I don't remember if Palin's son Track (above, with his legs in the air invitingly) and her kind-of-son-in-law Levi ever actually became gay porno stars or not. I do remember that about a decade ago Track was arrested for vandalizing the entire Wasilla school bus fleet and that he decided to join the Army instead of serve time in jail. Sometimes odd things happen in jail-- and the Army-- and he was arrested this week, now 26, for beating up his girlfriend and threatening to shoot her. He was drunk at the time. Same day mommy bear Palin was endorsing Herr Trumpf in Iowa. Yesterday Sarah, campaigning with Herr in Tulsa, blamed President Obama for giving poor Track PTSD in Iraq. (Veterans think Palin is wrong to try to blame her son's mental illness on Obama. "It's not President Obama's fault that Sarah Palin's son has PTSD," said Paul Rieckhoff, who heads Iraq and Afghanistan Veterans of America. "PTSD is a very serious problem, a complicated mental health injury and I would be extremely reluctant to blame any one person in particular.") Palin attempted to use her son's misfortune as political fodder, telling the Trumpian audience that Commander-in-Chief Herr Trumpf would never leave "our wounded warriors" behind, which sounded like a bizarre nonsequitor Tuesday but was more understandable in Tulsa yesterday.
“I can talk personally about this,” Mrs. Palin said. “I guess it’s kind of the elephant in the room, because my own family, going through what we’re going through today with my son, a combat vet having served in a Stryker brigade fighting for you all, America, in the war zone.”The crowd cheered. “My son, like so many others, they come back a bit different,” she said. “They come back hardened.”She said soldiers needed a president who understands their sacrifices. “So when my own son is going through what he goes through coming back, I can certainly relate with other families who kind of feel these ramifications of some PTSD and some of the woundedness that our soldiers do return with,” she said, “and it makes me realize more than ever, it is now or never for the sake of America’s finest that we have that commander in chief who will respect them and honor them.”
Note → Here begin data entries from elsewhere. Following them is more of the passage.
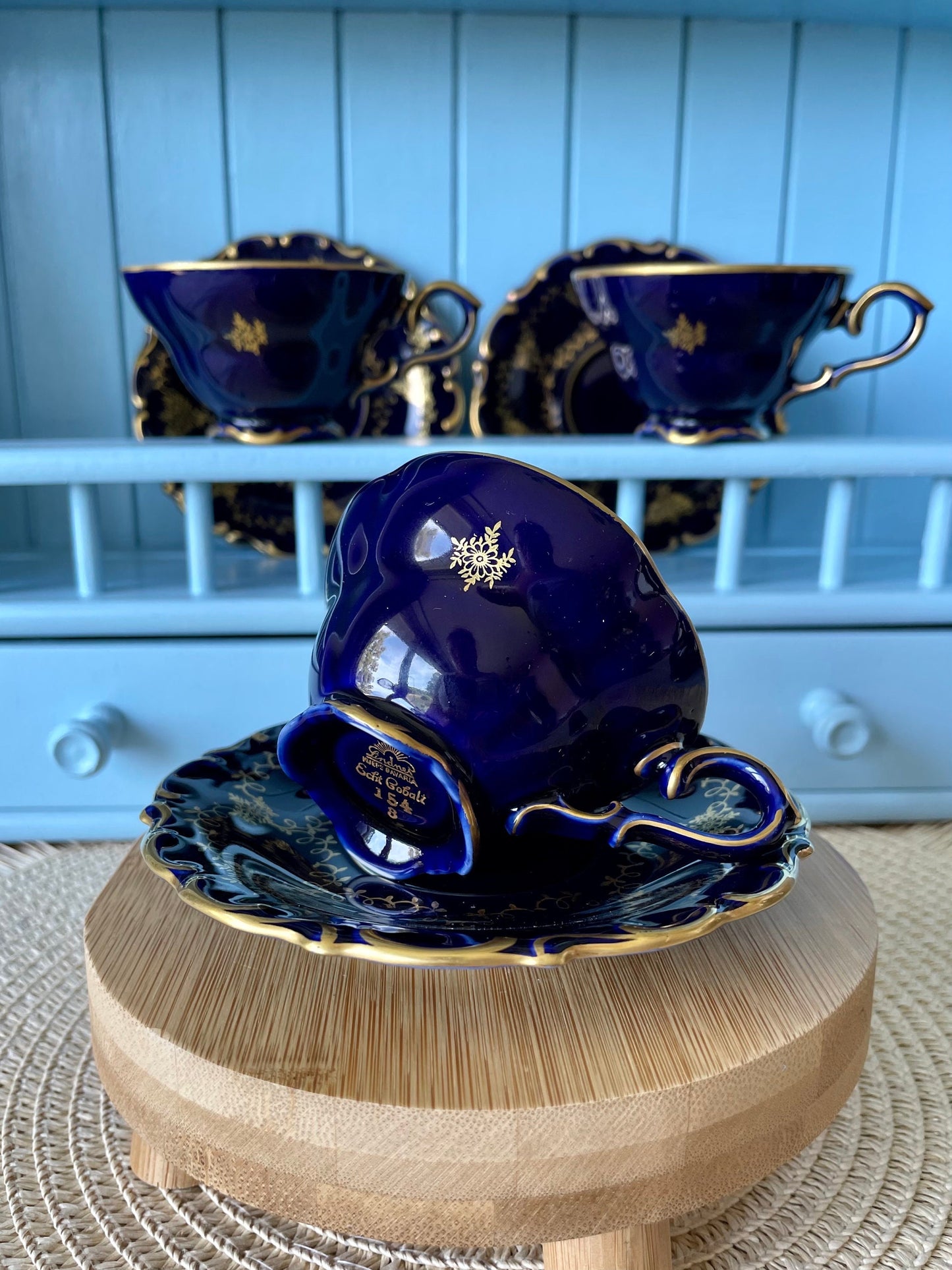 Very Rare Hard to Find Mint Condition, Vintage Lindner Kueps Bavaria Made in Germany Real Cobalt EspressoCup &Saucer, Kobalt Blue, 24 karat
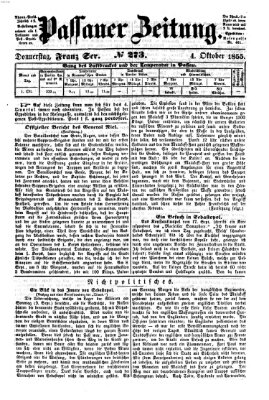 Passauer Zeitung Donnerstag 4. Oktober 1855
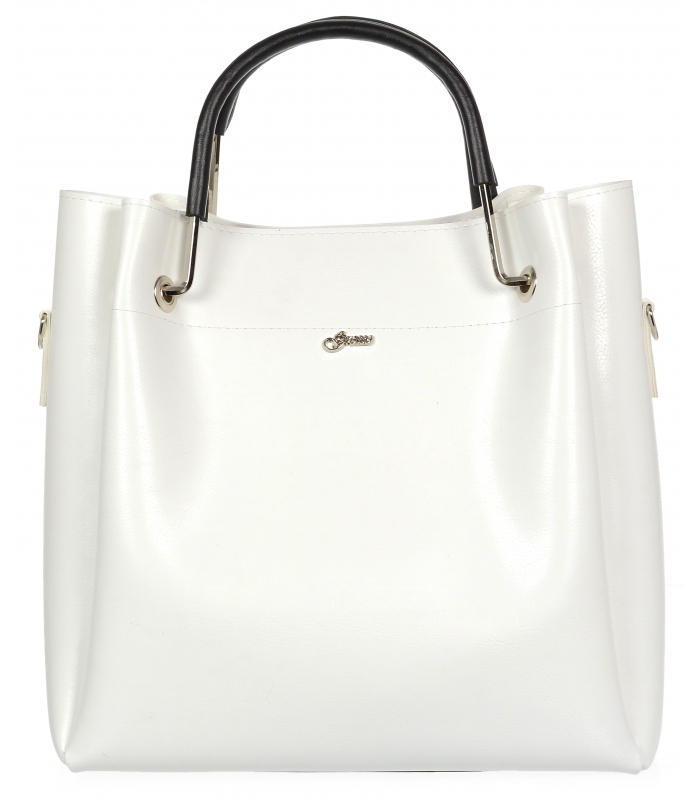 Bílá moderní dámská kabelka s černými ručkami S728 GROSSO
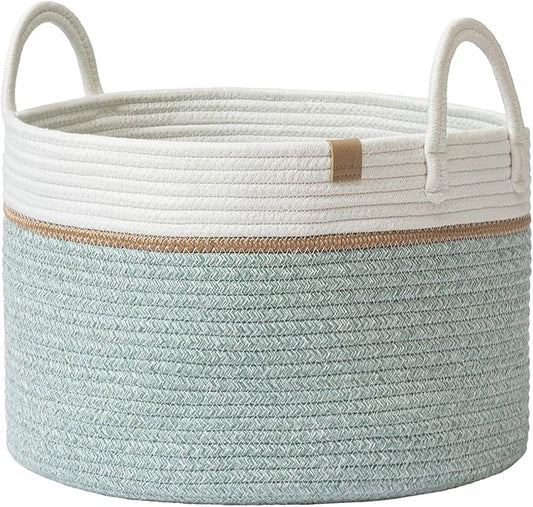 LA JOLIE MUSE Braided Basket, Cotton Rope Storage Baskets, Large Cotton Basket by LaJol%C3%ADeMuse
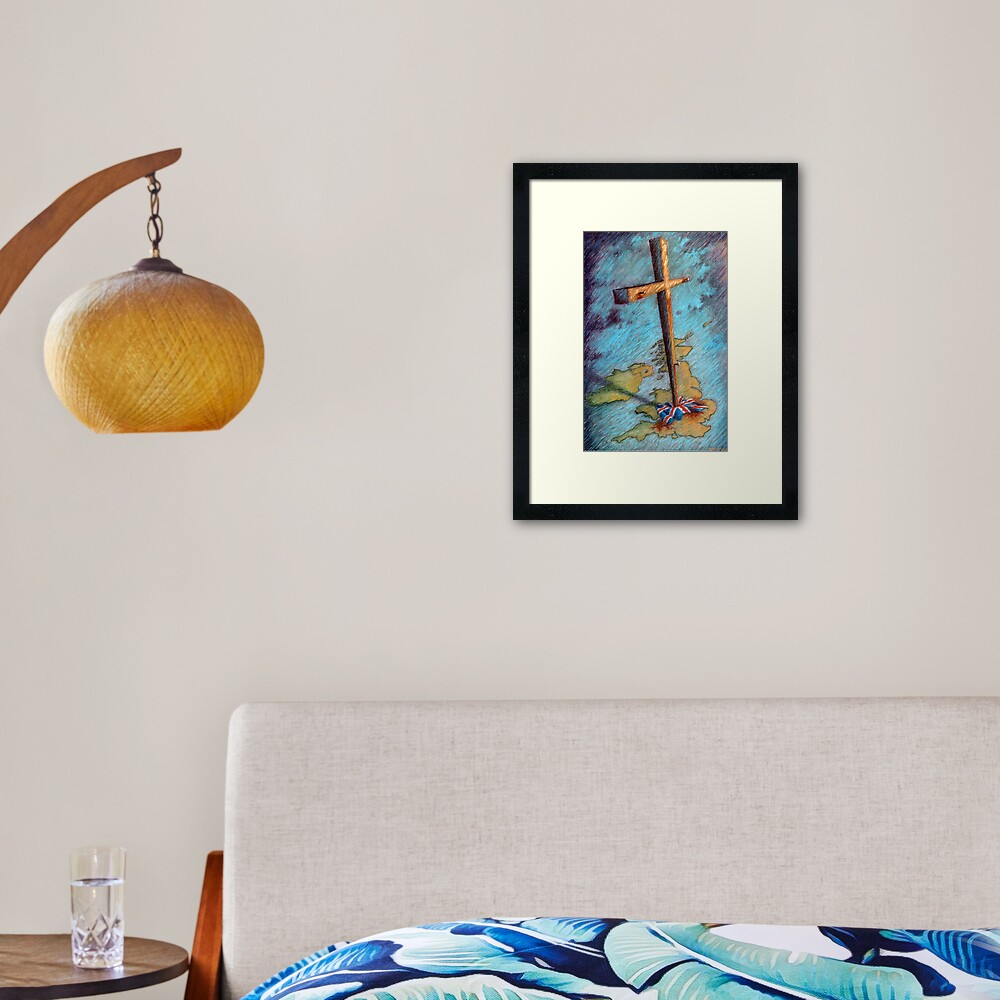 The Cross and the Union Jack Framed Art Print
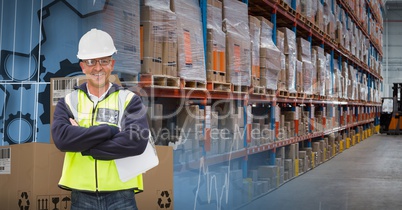 man with boxes in warehouse, transition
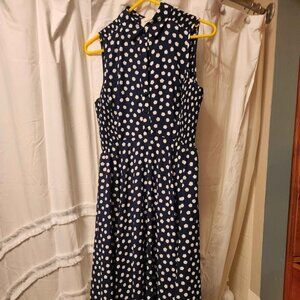 Kate Spade Navy and White Cloud Dot Midi Dress Size 6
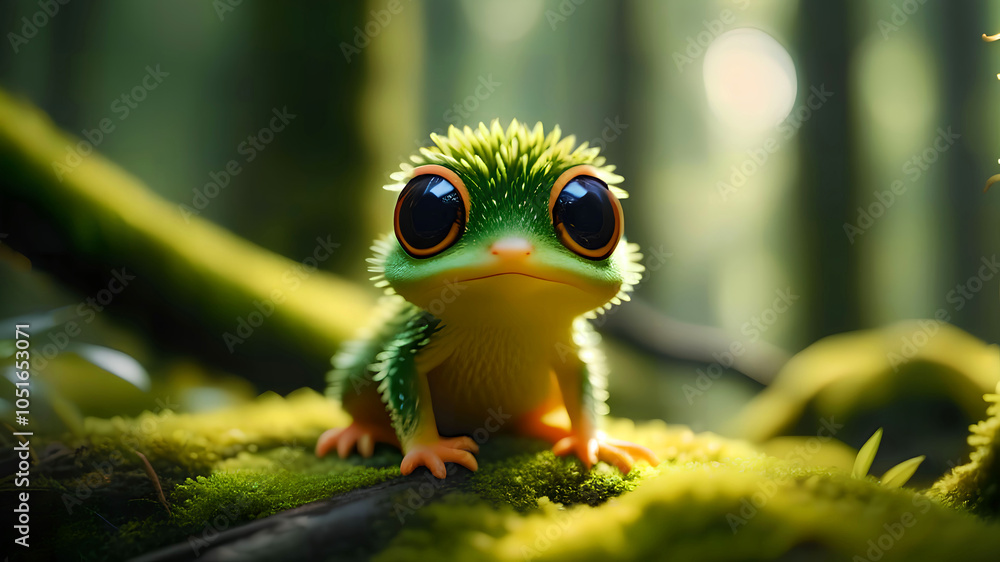 Adorable green creature in the fantasy world Adorable green creature in the fantasy world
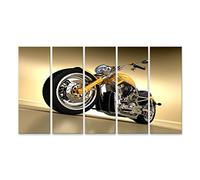 islandburner Tableau, Tableaux sur toile un beau cliché de studio d'une Harley Davidson jaune Poster, Impression, Cadeau MKU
Did you listen to the endorsement speech in Ames, Iowa Tuesday? That's it above. Pretty low energy from the crowd and she sounded kind of rusty and mechanical. Lines like "He is the master of the art of the deal; he is the one who would know what to negotiate," drill, baby, drill," and "He is from the private sector, not a politician; can I get a hallelujah? He knows how to lead the charge. So troops hang in there, he’s on the way" sounded a little shop-worn and scripted. And now the pill-poppin' wing-nut is already AWOL and not showing up at events that have advertised her. The Trumpf p.r. team explained that announcing she would be a "special guest" wasn't meant to imply she would be "on the stage." Oh; I'm sure that makes sense in RepublicanWorld. No doubt Cruz would have loved to have had the endorsement but what does it really do for Herr, beyond win a news cycle? Is she still relevant, even to Republican voters?Writing for ABC News, Rick Klein said the Palin-Trump alliance marks the ultimate triumph of personality over policy in the Republican Party, which sounds about right. He thinks she still may have some clout though. "In backing Trump, Palin is putting her considerable pull among tea partiers and other grassroots conservatives to the test. She’s signaling to them that ideology matters less than attitude-- a proposition she tested, intentionally or not, when she joined John McCain’s ticket in 2008. That was as intense a national roller-coaster as we’ve witnessed in politics, so it’s fair to expect dips and turns along the way. It’s also fair to note that Palin is unlikely to motivate many possible Trump voters in Iowa who weren’t already on board. But in its timing and its implications, with Ted Cruz having just started to break through by questioning Trump’s conservative credentials, you betcha this matters for Iowa and beyond. Trump has a figure who can be described as Trump-like to campaign on his behalf-- one famously boosted to national prominence by none other than John McCain. The revolving door of politics and reality TV has opened to a new pairing at the center of the presidential race."